Dream & Discover
Discover Amy Sherald, The Boy with the Big Fish, 2016
American painter Amy Sherald’s bold portraits are visually arresting and culturally significant in equal parts. Not only is the Georgia-born, Baltimore-based artist the first woman and first African-American to ever receive the grand prize in the 2016 Outwin Boochever Portrait Competition from the National Portrait Gallery in Washington D.C, but in 2018 she was selected by First Lady Michelle Obama to paint her portrait for the official commission from that same gallery. While her warm, startling portrait of the First Lady may have shot Sherald to fame, her colourful portraits of anonymous African American figures are equally intriguing.

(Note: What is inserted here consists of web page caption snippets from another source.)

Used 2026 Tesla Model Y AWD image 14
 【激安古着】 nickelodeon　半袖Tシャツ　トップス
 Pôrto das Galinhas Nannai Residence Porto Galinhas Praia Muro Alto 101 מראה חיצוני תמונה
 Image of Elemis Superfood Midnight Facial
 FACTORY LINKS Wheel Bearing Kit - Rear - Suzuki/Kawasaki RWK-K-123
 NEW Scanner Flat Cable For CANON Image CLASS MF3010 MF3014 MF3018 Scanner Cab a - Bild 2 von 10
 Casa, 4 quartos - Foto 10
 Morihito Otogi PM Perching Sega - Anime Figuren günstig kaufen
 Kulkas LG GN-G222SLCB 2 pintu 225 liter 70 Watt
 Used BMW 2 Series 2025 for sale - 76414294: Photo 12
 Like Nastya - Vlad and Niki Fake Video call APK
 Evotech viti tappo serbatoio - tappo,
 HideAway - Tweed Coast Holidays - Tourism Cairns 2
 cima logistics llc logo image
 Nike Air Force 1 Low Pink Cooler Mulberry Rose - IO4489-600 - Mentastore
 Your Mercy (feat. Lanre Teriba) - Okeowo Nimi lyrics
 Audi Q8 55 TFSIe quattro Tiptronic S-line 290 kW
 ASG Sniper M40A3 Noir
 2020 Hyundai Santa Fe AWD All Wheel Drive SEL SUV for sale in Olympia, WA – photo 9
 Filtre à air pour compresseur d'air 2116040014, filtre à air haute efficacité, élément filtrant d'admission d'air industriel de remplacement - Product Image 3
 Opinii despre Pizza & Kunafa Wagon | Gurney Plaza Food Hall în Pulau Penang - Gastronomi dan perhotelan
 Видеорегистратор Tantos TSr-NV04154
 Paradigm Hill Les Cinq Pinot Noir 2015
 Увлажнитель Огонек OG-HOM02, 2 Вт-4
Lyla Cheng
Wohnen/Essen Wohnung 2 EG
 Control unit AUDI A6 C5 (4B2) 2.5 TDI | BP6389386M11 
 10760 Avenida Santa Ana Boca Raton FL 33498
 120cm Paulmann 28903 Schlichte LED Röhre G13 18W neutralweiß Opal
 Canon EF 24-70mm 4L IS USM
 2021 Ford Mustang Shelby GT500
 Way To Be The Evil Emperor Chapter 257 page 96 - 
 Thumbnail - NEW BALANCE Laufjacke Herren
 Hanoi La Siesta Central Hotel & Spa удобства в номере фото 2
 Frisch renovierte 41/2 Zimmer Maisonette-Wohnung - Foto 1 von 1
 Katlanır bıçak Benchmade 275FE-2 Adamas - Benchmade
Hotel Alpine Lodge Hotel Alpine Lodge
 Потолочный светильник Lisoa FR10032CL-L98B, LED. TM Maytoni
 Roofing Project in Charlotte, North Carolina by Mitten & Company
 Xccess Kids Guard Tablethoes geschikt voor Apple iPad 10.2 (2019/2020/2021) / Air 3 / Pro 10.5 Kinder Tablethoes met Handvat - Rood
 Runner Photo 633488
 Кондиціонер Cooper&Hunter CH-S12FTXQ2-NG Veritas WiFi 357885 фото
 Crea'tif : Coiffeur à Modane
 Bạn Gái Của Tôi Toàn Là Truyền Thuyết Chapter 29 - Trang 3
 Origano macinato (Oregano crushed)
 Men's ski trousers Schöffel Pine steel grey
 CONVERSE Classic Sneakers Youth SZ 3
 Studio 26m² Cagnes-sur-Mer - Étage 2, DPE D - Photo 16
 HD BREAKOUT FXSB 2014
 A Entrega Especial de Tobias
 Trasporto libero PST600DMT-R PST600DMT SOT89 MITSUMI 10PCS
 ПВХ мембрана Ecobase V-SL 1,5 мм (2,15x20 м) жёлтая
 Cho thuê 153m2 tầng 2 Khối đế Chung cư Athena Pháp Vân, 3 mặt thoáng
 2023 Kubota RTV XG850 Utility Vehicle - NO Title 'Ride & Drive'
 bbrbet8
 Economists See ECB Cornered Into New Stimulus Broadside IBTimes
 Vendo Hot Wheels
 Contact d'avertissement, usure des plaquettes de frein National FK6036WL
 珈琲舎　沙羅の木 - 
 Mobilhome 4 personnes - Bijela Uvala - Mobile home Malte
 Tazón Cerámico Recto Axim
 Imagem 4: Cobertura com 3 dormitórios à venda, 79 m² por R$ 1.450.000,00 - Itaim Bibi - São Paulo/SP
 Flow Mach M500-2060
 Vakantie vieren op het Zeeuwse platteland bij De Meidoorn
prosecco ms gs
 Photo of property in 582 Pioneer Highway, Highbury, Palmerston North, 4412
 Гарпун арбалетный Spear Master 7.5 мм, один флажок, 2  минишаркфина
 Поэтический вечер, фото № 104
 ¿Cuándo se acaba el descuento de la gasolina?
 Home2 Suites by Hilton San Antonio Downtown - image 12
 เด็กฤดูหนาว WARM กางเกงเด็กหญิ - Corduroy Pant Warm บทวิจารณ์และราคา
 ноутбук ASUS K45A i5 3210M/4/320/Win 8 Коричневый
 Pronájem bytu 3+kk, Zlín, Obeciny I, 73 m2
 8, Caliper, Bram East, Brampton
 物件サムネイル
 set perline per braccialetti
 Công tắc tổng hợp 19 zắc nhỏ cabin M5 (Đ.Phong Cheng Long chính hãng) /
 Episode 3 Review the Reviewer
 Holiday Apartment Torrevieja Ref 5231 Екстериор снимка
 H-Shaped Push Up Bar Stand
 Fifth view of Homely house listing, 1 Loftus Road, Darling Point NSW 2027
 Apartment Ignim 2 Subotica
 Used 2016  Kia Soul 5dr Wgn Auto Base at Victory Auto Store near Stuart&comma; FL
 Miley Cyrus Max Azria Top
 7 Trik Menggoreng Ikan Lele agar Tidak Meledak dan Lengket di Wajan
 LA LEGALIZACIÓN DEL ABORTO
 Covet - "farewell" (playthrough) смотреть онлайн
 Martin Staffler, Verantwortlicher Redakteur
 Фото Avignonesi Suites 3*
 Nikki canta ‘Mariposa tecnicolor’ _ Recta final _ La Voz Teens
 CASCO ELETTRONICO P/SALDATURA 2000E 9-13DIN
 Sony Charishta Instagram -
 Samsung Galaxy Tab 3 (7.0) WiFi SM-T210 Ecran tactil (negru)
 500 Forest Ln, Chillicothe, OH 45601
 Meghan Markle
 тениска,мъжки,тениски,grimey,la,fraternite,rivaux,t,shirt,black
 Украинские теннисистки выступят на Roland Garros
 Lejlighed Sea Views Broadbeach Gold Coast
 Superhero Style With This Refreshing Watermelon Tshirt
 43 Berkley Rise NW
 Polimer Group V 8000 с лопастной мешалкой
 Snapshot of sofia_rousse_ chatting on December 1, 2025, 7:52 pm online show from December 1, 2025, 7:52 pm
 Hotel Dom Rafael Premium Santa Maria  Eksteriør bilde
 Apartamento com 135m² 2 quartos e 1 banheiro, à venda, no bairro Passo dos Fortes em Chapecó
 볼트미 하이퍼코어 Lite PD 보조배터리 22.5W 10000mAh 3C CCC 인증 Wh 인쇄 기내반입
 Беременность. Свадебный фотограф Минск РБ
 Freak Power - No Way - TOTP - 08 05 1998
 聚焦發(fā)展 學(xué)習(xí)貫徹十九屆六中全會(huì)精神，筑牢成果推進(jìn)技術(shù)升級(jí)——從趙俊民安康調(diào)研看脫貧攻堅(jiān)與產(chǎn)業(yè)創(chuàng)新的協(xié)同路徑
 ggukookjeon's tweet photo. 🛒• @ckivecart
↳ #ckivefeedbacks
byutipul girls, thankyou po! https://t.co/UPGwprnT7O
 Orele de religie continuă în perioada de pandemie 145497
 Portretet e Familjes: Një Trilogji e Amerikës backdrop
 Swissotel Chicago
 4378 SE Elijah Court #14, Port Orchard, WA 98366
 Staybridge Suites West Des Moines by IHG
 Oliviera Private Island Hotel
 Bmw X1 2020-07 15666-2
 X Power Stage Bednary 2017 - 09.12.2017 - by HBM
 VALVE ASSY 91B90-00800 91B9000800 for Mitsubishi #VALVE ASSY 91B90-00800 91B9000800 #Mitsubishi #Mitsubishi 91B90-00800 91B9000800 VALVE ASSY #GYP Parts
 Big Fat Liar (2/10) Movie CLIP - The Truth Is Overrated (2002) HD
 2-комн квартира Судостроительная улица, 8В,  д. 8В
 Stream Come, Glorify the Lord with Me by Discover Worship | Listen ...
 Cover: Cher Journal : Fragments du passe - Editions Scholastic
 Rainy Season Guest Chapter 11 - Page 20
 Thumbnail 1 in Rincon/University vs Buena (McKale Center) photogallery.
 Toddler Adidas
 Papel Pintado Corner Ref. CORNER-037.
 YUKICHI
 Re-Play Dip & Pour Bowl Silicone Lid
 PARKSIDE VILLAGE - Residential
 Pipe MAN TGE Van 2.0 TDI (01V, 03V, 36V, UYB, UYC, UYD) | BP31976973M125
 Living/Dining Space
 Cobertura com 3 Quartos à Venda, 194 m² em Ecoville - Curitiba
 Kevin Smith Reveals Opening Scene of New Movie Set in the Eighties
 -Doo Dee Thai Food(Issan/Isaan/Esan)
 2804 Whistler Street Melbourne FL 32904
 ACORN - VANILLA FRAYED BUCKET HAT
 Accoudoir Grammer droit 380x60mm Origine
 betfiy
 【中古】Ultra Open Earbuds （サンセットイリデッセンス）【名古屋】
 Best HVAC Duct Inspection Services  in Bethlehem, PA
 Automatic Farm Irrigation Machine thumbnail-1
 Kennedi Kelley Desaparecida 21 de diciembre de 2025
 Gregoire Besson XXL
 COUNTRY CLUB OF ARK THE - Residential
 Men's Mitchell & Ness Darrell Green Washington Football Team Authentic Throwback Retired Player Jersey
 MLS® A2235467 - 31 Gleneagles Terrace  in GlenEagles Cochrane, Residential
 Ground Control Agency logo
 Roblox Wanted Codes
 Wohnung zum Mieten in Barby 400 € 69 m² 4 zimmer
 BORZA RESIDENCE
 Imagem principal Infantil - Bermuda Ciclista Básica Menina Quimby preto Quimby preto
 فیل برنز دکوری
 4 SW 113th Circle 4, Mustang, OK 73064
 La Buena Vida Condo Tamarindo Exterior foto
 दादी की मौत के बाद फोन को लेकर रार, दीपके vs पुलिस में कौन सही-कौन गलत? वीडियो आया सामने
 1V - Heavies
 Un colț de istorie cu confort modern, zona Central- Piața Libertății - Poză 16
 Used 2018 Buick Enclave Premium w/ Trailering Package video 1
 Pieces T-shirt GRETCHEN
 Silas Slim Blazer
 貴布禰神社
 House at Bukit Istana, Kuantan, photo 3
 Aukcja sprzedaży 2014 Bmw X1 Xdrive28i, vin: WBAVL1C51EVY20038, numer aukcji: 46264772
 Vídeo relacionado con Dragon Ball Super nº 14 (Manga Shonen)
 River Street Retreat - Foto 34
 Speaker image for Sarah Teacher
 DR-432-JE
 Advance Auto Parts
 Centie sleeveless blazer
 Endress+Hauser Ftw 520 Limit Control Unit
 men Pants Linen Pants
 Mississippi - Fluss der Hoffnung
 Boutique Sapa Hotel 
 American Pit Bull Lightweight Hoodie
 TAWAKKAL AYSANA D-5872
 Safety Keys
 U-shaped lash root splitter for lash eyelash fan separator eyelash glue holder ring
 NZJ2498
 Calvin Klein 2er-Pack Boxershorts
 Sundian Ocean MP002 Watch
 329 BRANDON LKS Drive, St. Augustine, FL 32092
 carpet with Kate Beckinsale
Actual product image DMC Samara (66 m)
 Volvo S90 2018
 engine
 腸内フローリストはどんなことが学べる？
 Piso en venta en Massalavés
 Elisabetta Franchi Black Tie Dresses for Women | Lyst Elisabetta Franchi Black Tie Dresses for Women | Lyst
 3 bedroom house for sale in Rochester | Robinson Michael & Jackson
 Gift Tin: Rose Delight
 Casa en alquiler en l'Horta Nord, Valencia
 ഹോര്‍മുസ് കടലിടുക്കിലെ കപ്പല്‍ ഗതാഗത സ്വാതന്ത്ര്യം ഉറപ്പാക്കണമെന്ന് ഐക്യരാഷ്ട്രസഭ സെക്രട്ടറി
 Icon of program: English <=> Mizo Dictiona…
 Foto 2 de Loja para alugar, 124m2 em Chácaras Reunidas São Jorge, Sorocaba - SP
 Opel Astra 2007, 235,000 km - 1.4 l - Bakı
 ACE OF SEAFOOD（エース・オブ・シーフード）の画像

In each of Sherald’s portraits, a contemporary African American figure fixes their gaze on the viewer, posed against a different wash of colour — a cornflower yellow, crimson red or, as in this case, a textured green. It’s realism through Sherald’s lens, and the simplicity of the canvas at first look belies the subtle nuances that you uncover once you spend more time studying the portrait. Sherald invites the viewer to invest in that viewing time, and in the process, discover hints of the individual’s personality, mood and character in the details of their expression. The portraits in themselves are a radical act, creating a way for African American subjects to occupy space in a format that has traditionally been preserved for the White and privileged.